L’idrogeno potrebbe avere due modalità di utilizzo per la trazione del veicolo: far funzionare un motore a combustione, in cui l’idrogeno viene bruciato e dove c’è un motore con pistoni e cilindri che girano, tipicamente questo ha anche qualche emissione, figlia delle alte temperature ma figlia anche dei lubrificanti poiché ci sono anche parti meccaniche, che il motore elettrico invece non ha. Oppure si possono usare le fuel cell per trasformare l’idrogeno di un serbatoio in elettricità e quindi muovere un’auto elettrica…
E quale tra le due tecnologie avrà successo secondo lei?

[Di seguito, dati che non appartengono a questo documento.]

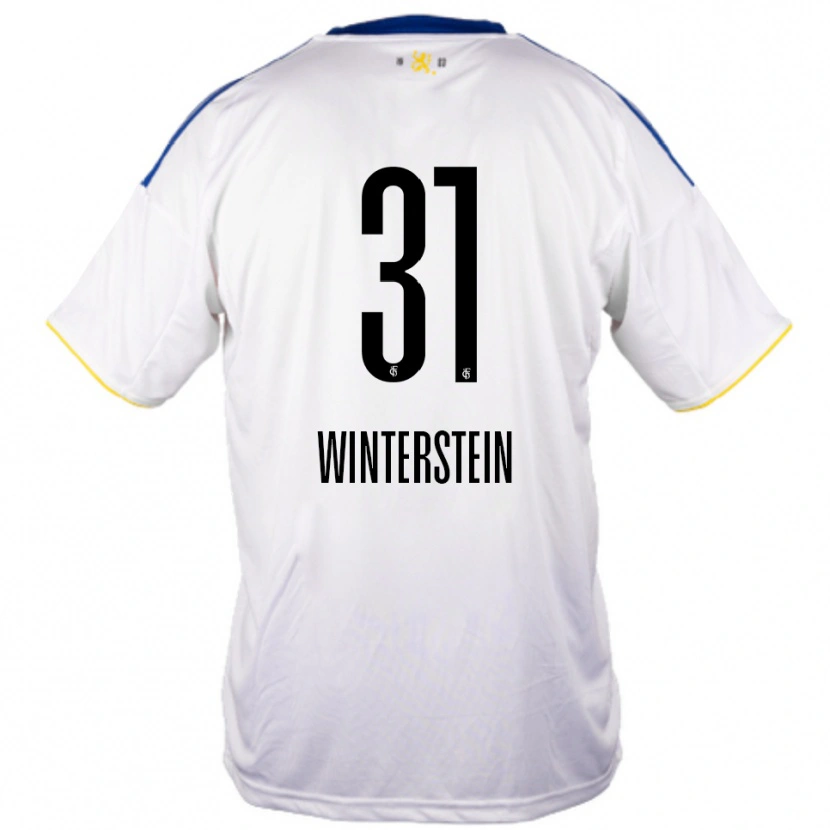 Danxen Mujer Camiseta Lea Winterstein #31 Blanco Azul Amarillo 2ª Equipación 2025/26 La Camisa México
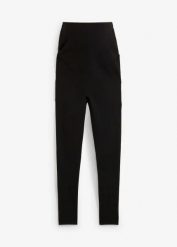 Legginsy ciążowe termiczne, Slim Fit. Czarne legginsy bonprix, bez wzorów, z dżerseju. Za 147.99 zł.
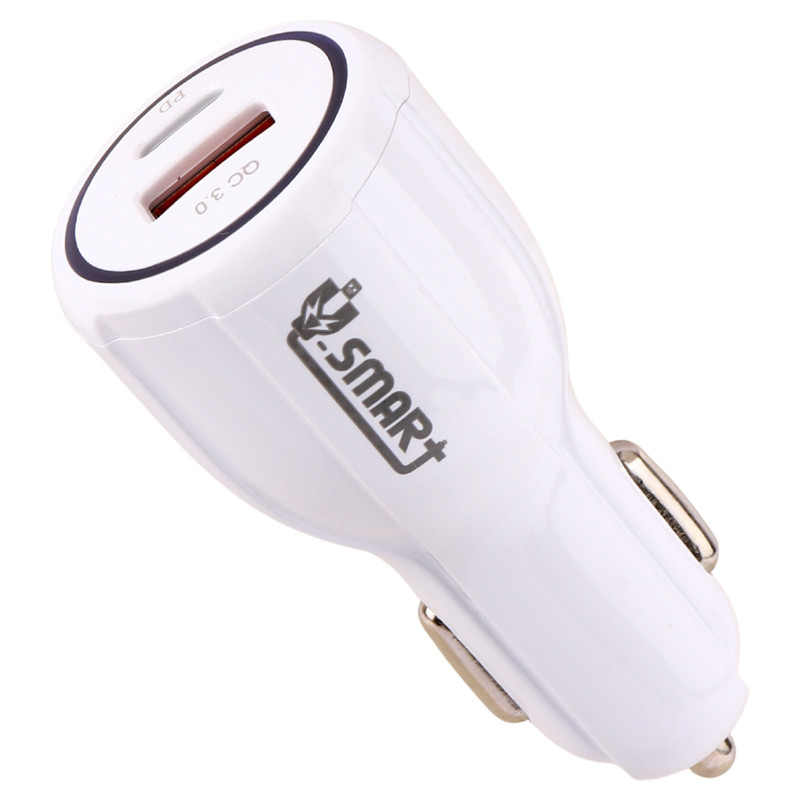 شارژر فندکی فست شارژ V-Smart VS-17 3A QC3.0 PD 30W + کابل تایپ سی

Secondo me più avanzata, in questo momento, è la fuel cell, se ne stanno facendo ora degli esperimenti molto interessanti. Ma sia chiaro, a sua volta è sul nascere, per cui prima di vederla realmente industrializzata ci vorrà molto tempo.
Se dovesse prevalere la fuel cell, che ne faremo delle tante colonnine di ricarica che stiamo installando?

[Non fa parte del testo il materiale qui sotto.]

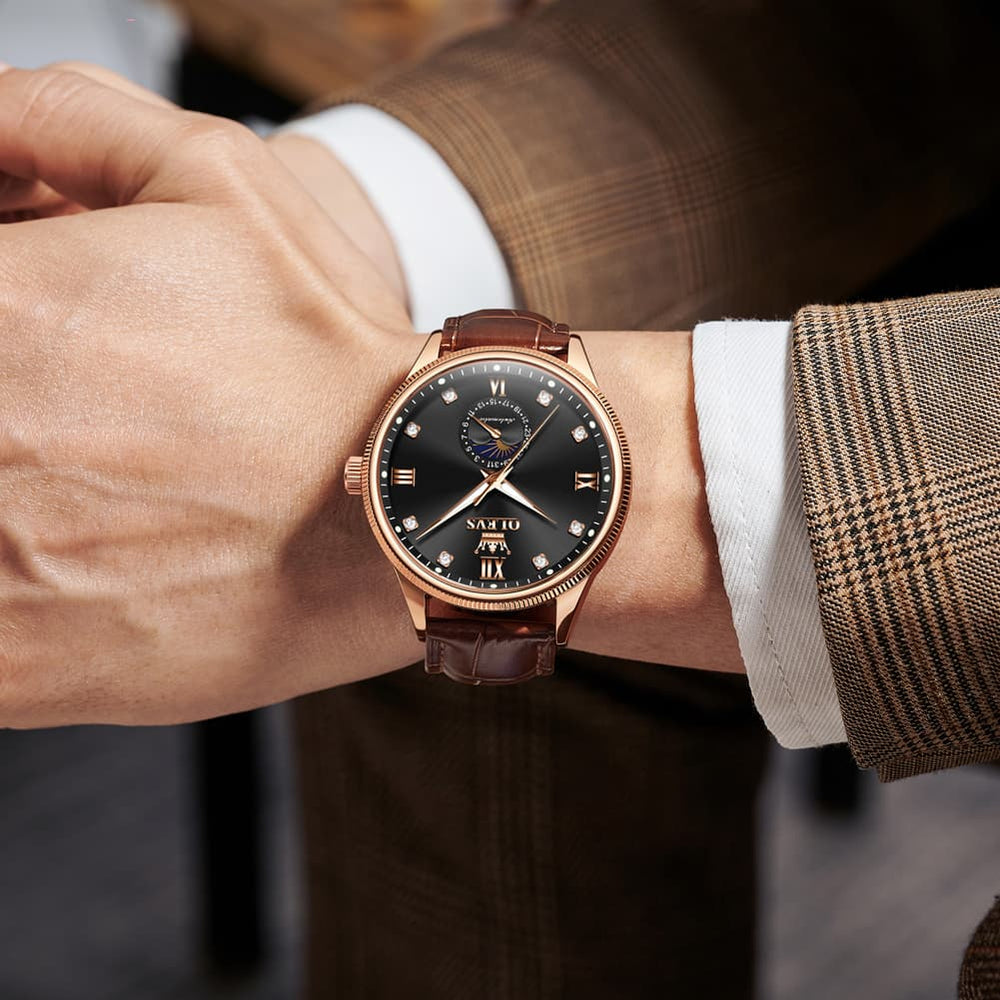 OLEVS 7039 Leather Moon Phase Mechanical Watch For Men - Rose Gold Black Watch | Olevs Watch Store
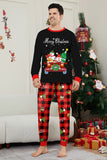 Noir Rouge Imprimé Joyeux Noël Plaid Famille Ensemble de pyjama assorti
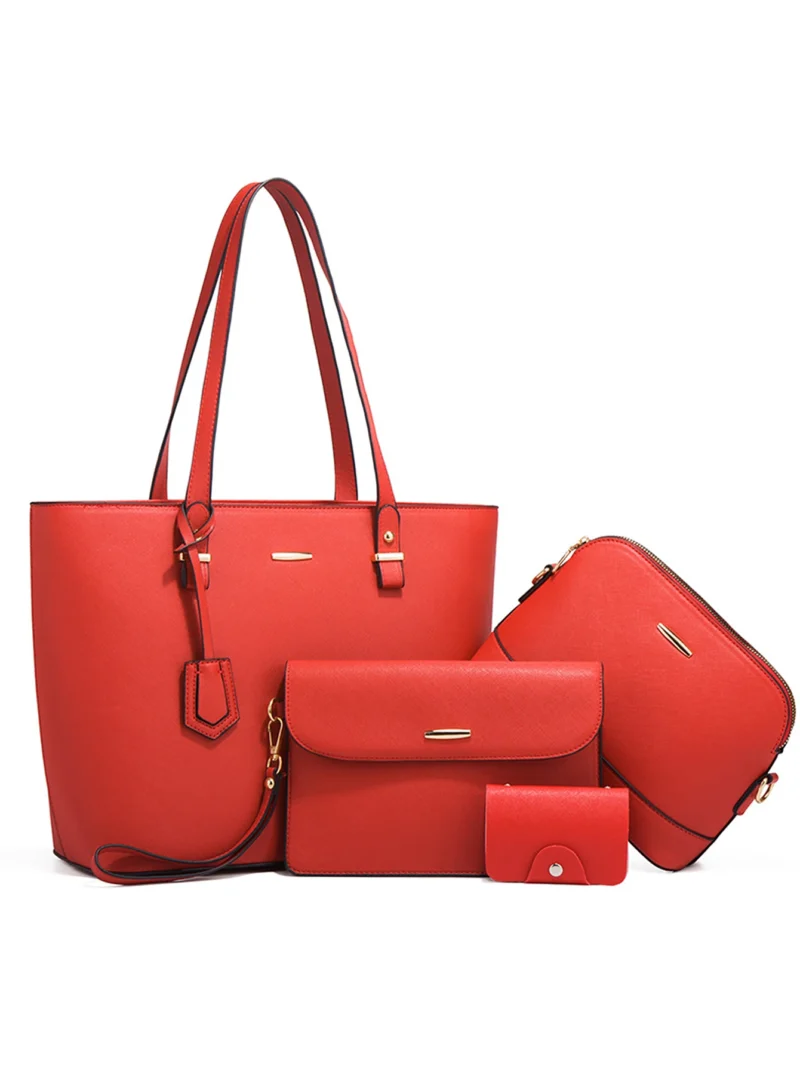 Vegan Leather 4-Piece Handbag Set - Versatile Tote with Crossbody, Wristlet & Cardholder - Image 8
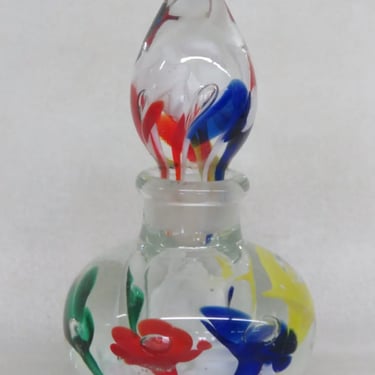 Joe St Clair Art Glass Rainbow Floral Paperweight Perfume Cologne Bottle 3243B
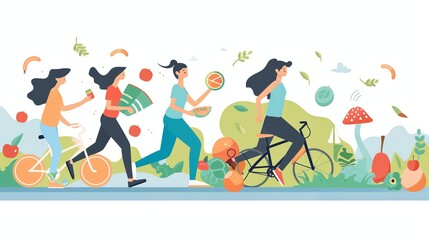 Three young women are exercising and eating healthy foods.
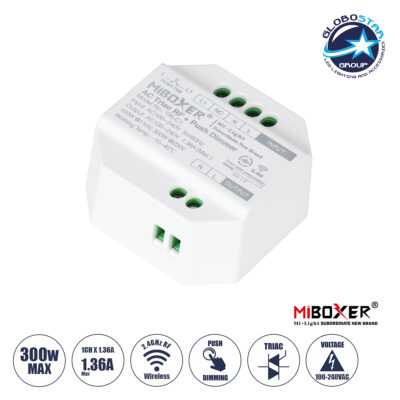 LEDTM® MiBOXER-TRI-C1 71432 AC Triac RF 2.4Ghz & Push Dimmer με 1 x 1.36A 300W Κανάλι AC 220-240V 1.36A 300W Max IP20 - RF 2.4Ghz & Push Dimming - Μ5 x Π5 x Υ2.3cm - 5 Χρόνια Εγγύηση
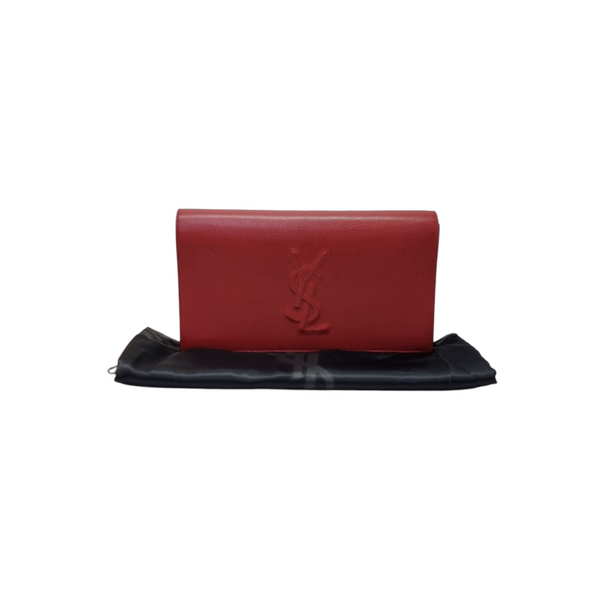 YSL Clutch Belle Du Jour Large Leather (Red)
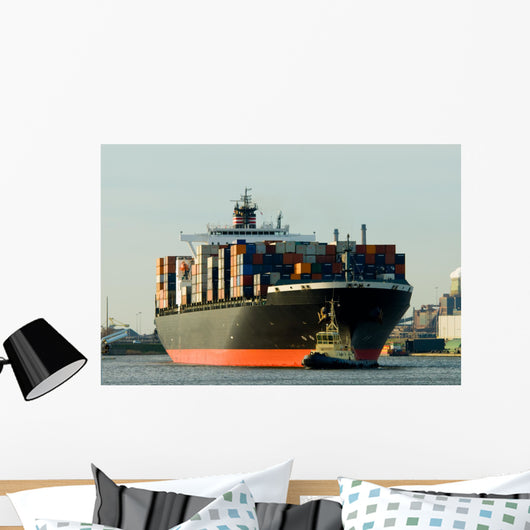 huge container ship Wall Mural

Be’, anche le colonnine hanno una vita utile e quindi fondamentalmente sarà più probabile, in futuro, vedere tante generazioni di colonnine elettriche per le strade finché non morirà la tecnologia dell’elettrico a ricarica e non si affermerà quella della fuel cell… Ma non sappiamo precisamente quando tutto questo avrà luogo, ma non penso che questo accadrà.
Automobile, componentistica, alimentare: ovunque domina l’impresa familiare. In Italia come però anche in Germania, dove ad esempio il suo gruppo è a controllo familiare. Quale atout individua in questa impostazione?
La nostra è un’azienda che in questo momento è la più grande impresa industriale che abbiamo in Europa, ma ha degli elementi molto simili a quelli delle imprese italiane, e si vede. Prima di tutto la visione di lungo termine, che conduce a non guardare i trimestri con un approccio americano, diciamo così, ma a portare avanti nelle generazioni dei business che sono profittevoli. La nostra azienda è molto profittevole ed è nata da una crisi di Porsche, che 30 anni fa ha richiesto di costruire un team consulenziale per fare una trasformazione radicale dei processi e che è poi andata molto bene in quanto oggi l’azienda è quella con il maggior profitto al mondo per veicolo, nel settore. Ciò che abbiamo mantenuto è questo approccio pragmatico, poiché abbiamo imparato da subito che le cose devono essere realizzate e le strategie devono portare i risultati in azienda. Oggi con la trasformazione dell’automotive tutto questo significa essere competitivi e bisogna essere molto pragmatici.